[Opening DATA FOR REVIEW section]

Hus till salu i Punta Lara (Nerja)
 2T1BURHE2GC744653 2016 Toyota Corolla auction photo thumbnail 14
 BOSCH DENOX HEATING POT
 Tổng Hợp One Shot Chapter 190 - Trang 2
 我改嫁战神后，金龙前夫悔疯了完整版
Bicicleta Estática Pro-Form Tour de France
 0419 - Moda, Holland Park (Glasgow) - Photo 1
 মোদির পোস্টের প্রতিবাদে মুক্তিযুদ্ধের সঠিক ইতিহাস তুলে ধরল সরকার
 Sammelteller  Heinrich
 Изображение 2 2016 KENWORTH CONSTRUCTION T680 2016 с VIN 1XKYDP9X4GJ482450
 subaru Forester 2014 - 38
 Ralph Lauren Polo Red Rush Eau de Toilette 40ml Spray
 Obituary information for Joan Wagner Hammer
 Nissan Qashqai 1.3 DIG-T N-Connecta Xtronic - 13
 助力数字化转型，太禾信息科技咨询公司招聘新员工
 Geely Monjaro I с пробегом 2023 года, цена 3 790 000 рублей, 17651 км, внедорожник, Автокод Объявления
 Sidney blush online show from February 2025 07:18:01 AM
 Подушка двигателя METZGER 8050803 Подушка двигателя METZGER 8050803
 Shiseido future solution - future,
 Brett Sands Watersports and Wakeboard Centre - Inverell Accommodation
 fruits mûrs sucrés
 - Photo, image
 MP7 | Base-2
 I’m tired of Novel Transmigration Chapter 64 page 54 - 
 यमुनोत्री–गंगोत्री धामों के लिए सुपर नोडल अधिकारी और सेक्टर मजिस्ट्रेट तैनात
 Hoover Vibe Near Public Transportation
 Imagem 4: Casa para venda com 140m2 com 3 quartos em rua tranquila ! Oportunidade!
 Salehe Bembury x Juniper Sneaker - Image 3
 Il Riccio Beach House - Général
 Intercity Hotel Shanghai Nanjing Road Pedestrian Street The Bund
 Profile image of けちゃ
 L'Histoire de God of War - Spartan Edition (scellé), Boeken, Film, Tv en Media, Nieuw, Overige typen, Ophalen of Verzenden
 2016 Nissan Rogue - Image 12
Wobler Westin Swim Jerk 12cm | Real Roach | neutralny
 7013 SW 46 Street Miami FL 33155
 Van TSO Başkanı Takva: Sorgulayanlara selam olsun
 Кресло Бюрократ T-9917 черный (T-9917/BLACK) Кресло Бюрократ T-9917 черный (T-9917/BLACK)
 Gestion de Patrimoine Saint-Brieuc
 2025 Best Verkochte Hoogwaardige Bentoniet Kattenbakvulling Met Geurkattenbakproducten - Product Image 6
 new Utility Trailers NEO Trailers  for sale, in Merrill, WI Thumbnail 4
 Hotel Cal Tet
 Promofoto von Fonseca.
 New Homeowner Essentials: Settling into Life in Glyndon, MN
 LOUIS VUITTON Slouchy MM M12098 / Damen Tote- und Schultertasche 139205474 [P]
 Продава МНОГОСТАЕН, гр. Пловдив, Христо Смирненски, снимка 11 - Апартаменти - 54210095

[Closing DATA FOR REVIEW section]

▶ **TASK STATEMENT**:
Given the data above, which lines hold the string "Street"? Return them.

▶ **PROBLEM SOLUTION**:
 Intercity Hotel Shanghai Nanjing Road Pedestrian Street The Bund
 7013 SW 46 Street Miami FL 33155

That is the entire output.